Com novo time e novo estádio, a campanha banguense ganhou um grande impulso naquele ano, ficando em quinto no Carioca (sua melhor posição desde 1935). Mas havia, no entanto, um outro estádio no horizonte não só alvirrubro, mas de todo o futebol carioca: o Maracanã, inaugurado em junho de 1950. Em princípio, durante aquela década e nos primeiros anos da seguinte, o Bangu conciliou jogos em ambas as praças: fazia clássicos no então Maior do Mundo e recebia os pequenos em Moça Bonita. Porém, pouco a pouco, a partir de 1963, a ambição de colocar o clube num novo patamar o levou a jogar quase sempre no grande palco da cidade, tanto no Carioca quanto em torneios interestaduais e nacionais. Em meados da dura década de 70, no entanto, o alvirrubro começou a ensaiar um retorno mais assíduo a sua velha casa.

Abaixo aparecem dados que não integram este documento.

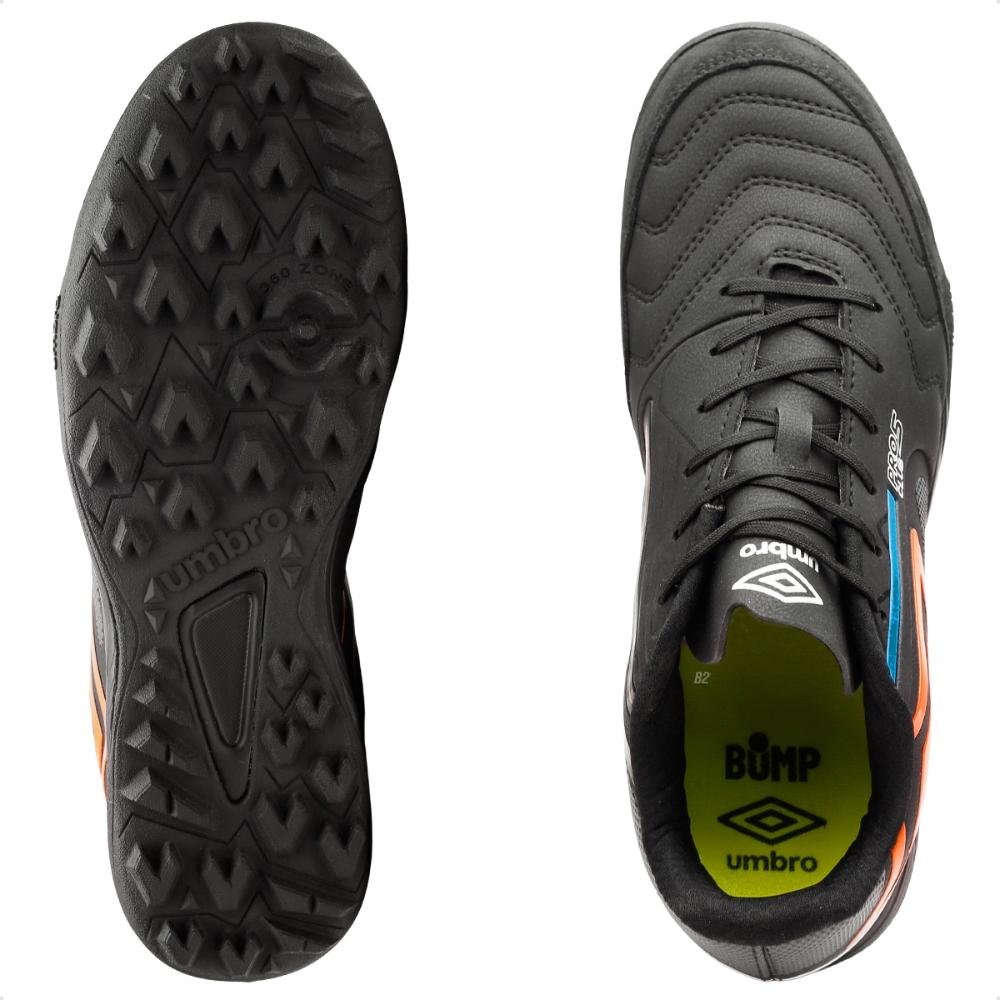 Chuteira Society Umbro Pro 5 Bump Masculina Preto/Laranja 6
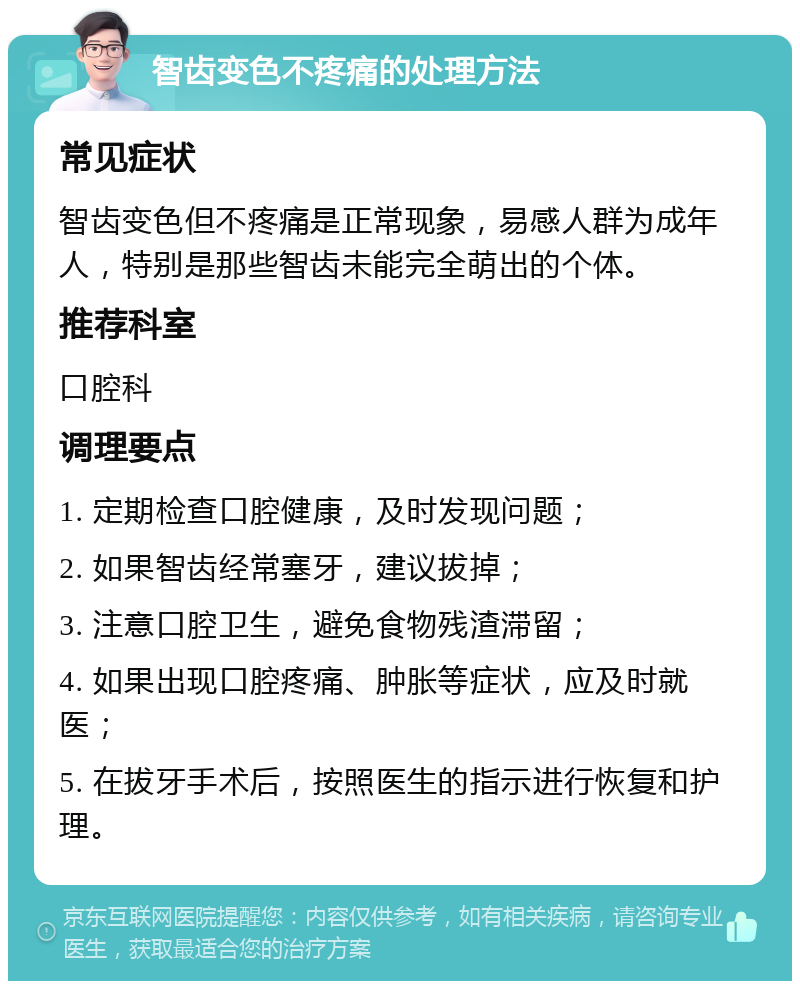 智齿变色不疼痛的处理方法 常见症状 智齿变色但不疼痛是正常现象，易感人群为成年人，特别是那些智齿未能完全萌出的个体。 推荐科室 口腔科 调理要点 1. 定期检查口腔健康，及时发现问题； 2. 如果智齿经常塞牙，建议拔掉； 3. 注意口腔卫生，避免食物残渣滞留； 4. 如果出现口腔疼痛、肿胀等症状，应及时就医； 5. 在拔牙手术后，按照医生的指示进行恢复和护理。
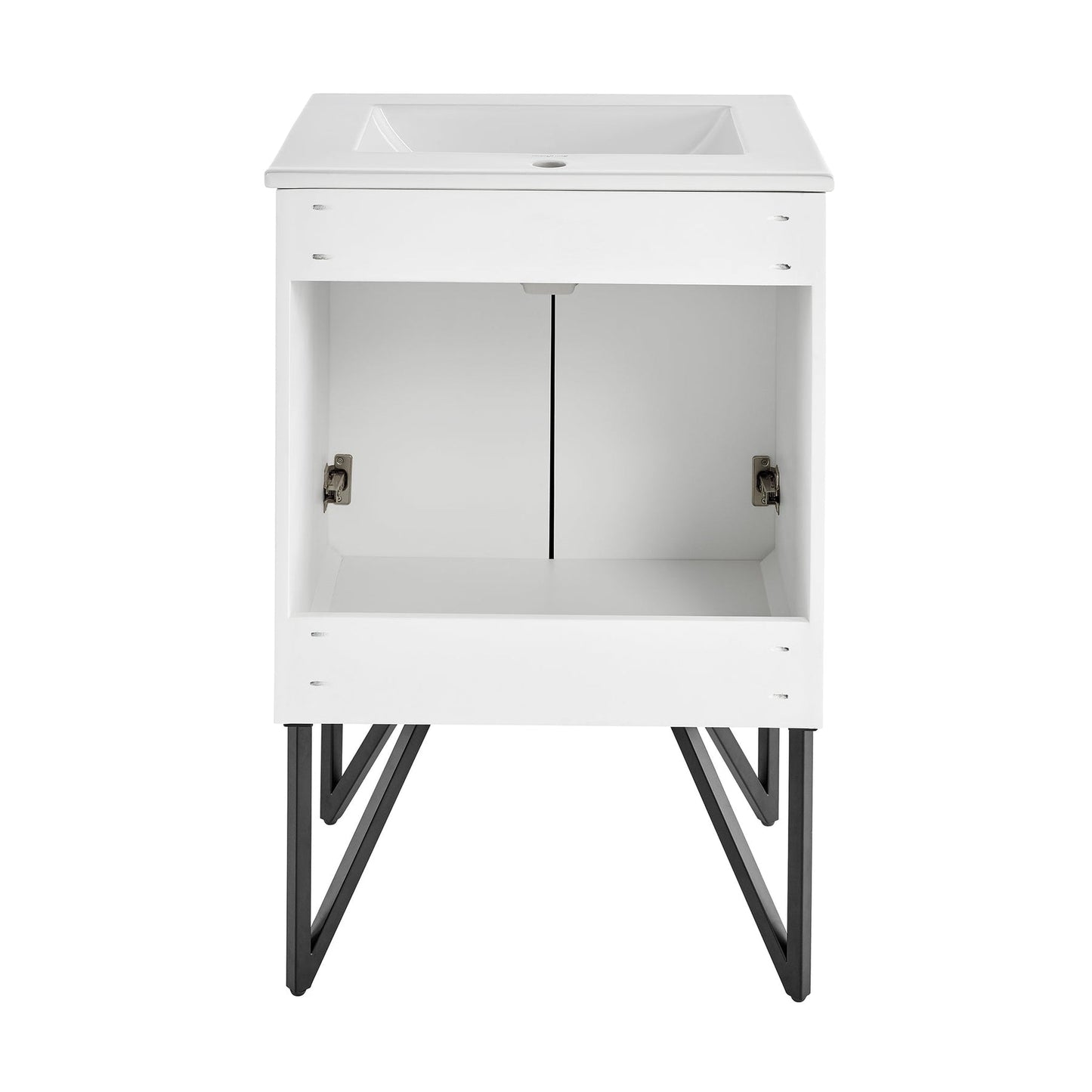 Swiss Madison Annecy 24" x 35" Freestanding Mondrian White Bathroom Vanity With Ceramic Single Sink and Stainless Steel Metal Legs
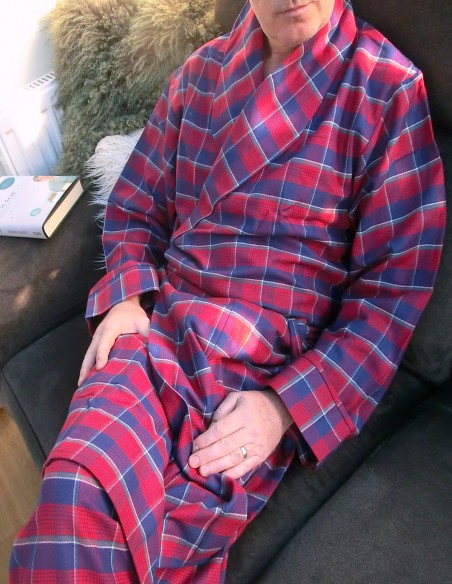 Robe de Chambre en Flanelle Classique à Carreaux Tartan Anglais Rouge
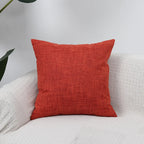 Square Cushion Cover Textured Linen-Blend Removable Insert Sleeve
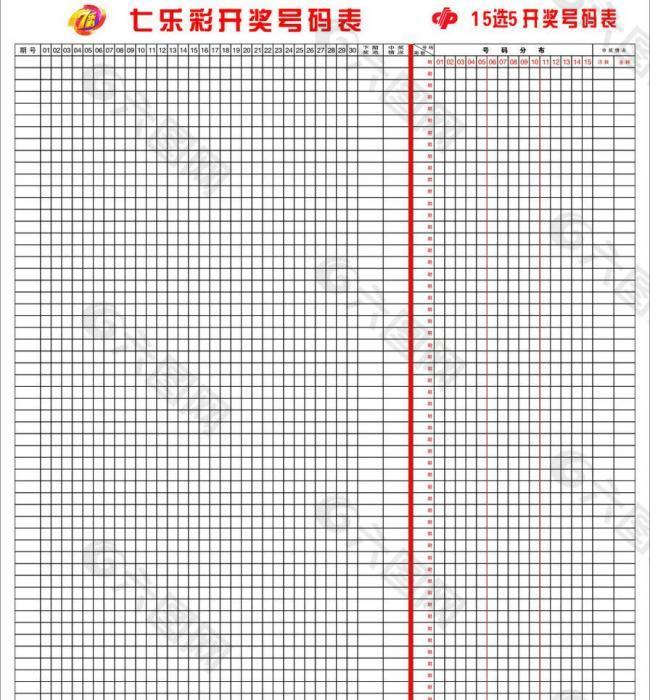 福利彩票七乐彩15选5走势图 cdr图片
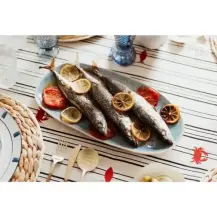 Piatto Ovale Pia 38x19cm Blu Melamina Secret de Gourmet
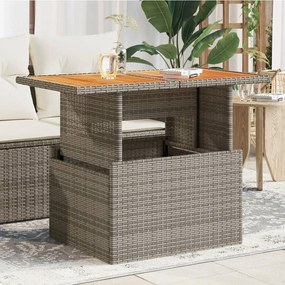 vidaXL Masă de grădină, gri, 100x55x73 cm, poliratan și lemn de acacia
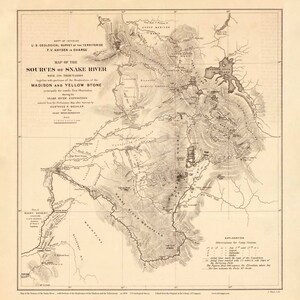 May include: A vintage map titled "Map of the Sources of Snake River" with its tributaries, and portions of the Madison and Yellowstone rivers. The map is in black and white, with detailed geographical features and text.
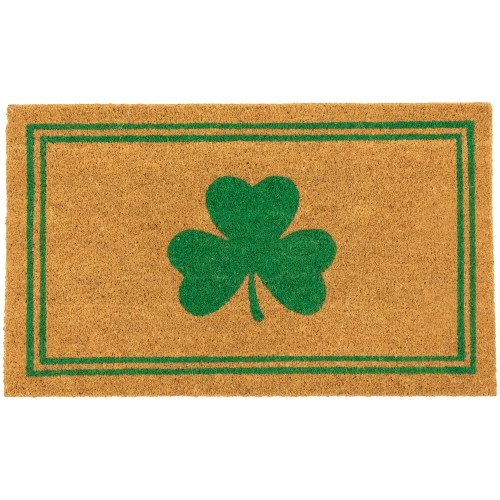 Natural Coir Shamrock with Stripes Outdoor Doormat 18" x 30"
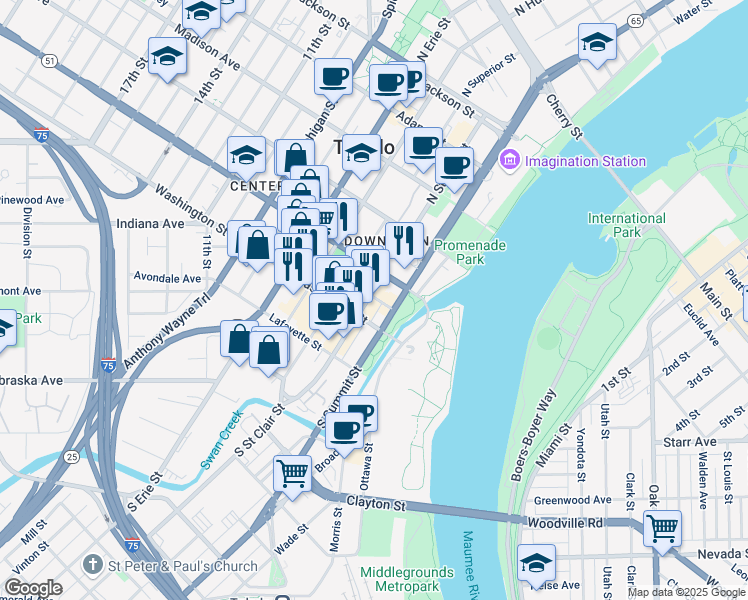 map of restaurants, bars, coffee shops, grocery stores, and more near 20 North Saint Clair Street in Toledo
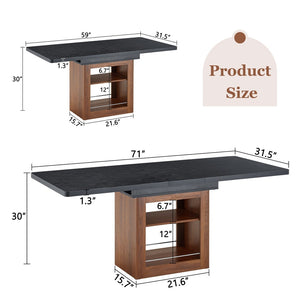 English Elm An Extendable Mdf Dining Table with Open Shelf Storage Seats up to Eight Black,Walnut W1151S04668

O estádio foi fundamental no renascimento banguense, no segundo longo período em que o futebol foi comandado por Castor de Andrade, a partir de 1980, como base das grandes campanhas do clube no Estadual. Embora fizesse exibições históricas nos clássicos no Maracanã, era em seu alçapão da Zona Oeste que não deixava escapar pontos diante dos pequenos. No Campeonato Brasileiro, o Proletário também rendeu bons resultados. Nele, entre março de 1981 e outubro de 1986, o clube manteve uma série invicta de 31 jogos em competições nacionais, sendo 27 pela elite do Campeonato Brasileiro (20 vitórias e sete empates). Ao longo da década, gigantes como Vasco, Cruzeiro, Santos, São Paulo e Corinthians visitaram Moça Bonita pelo certame nacional e saíram derrotados.
Foi em parte desse período que atuou pelo clube o maior artilheiro do estádio: o centroavante Luisão, autor de 33 gols entre 1976 e 1984. O atacante Bruno Luiz, ídolo recente do clube, vem em segundo na lista, com 30 gols entre 2008 e 2015. Completam as cinco primeiras posições três nomes históricos do Bangu. Autor de dois gols na partida de inauguração, o ponta-de-lança Moacir Bueno anotou outros 27 até 1959. Ídolo da década de 80, o ponta-direita Marinho balançou as redes 25 vezes em suas várias passagens entre 1983 e 1997. E o ponta-esquerda Nívio marcou 24 vezes entre 1951 e 1957.
Ao longo das décadas, o Estádio Proletário recebeu ainda vários jogos dos quatro grandes cariocas, inclusive internacionais (em 1992, com o Maracanã em obras, o Flamengo mandou lá seu jogo contra o Estudiantes pela extinta Supercopa). Em março de 1970, a Seleção Brasileira dirigida pela última vez por João Saldanha empatou lá em 1 a 1 um jogo-treino diante do Bangu. Hoje Moça Bonita está cercado por um bairro totalmente urbanizado. Mas, embora tenha passado por algumas reformas para atender às novas normas de segurança, ainda preserva algumas características simbólicas. Assim como a famosa bandinha do clube, sempre presente aos jogos, o estádio permanece uma relíquia de outros tempos do futebol carioca e brasileiro.